Saving PDF as Plain text

Report · Sep 05, 2018

Hello. I am attempting to save all PDFs within a folder as text. To do this i am running an action calling a JavaScript and using this.saveAs

When the script runs attempting to save as Plain text, some PDFs fail as they cannot be tagged. I am therefore curious if a JS can be implemented such that it attempts to save as plain text, and if that fails save as accessible text.

this.saveAs("**filepath**”+ this.documentFileName + "_accessformat.txt","com.adobe.acrobat.accesstext");

this.saveAs("**filepath**”+ this.documentFileName + "_accessformat.txt","com.adobe.acrobat.plain-text");

Report · Sep 05, 2018

You can try it like this:

try {

this.saveAs("**filepath**”+ this.documentFileName + "_accessformat.txt","com.adobe.acrobat.plain-text");

} catch (e) {

this.saveAs("**filepath**”+ this.documentFileName + "_accessformat.txt","com.adobe.acrobat.accesstext");

}

Report · Sep 05, 2018

You'll probably also want to confirm that there is any text at all by using...

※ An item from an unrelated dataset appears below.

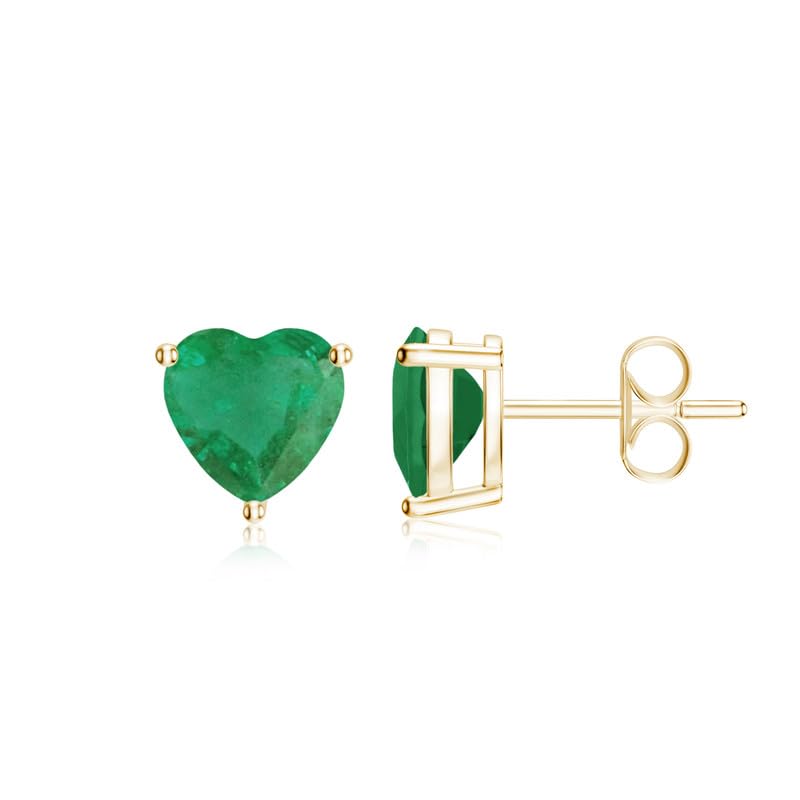 Image of Goldhartz Sterling Silver Genuine, Created or Simulated Birthstone Gemstone 7mm Heart Stud Earrings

this.getPageNumWords(n) // n is the zero-based page number

... on each page.

Some PDF files are image only.

Report · Sep 05, 2018

In that case it will just output an empty file. It shouldn't cause an error...

Report · Sep 05, 2018

I'd call an unnecessary empty file an error. If you saw a 0k text file in the output, wouldn't you go find the input PDF and check it out for yourself?

Report · Sep 06, 2018

Not really. An empty text file is not a corrupt file (like an empty PDF). I

will just assume the PDF has no text.

In fact, it's better than no file at all, because I at least would know

that the file was processed...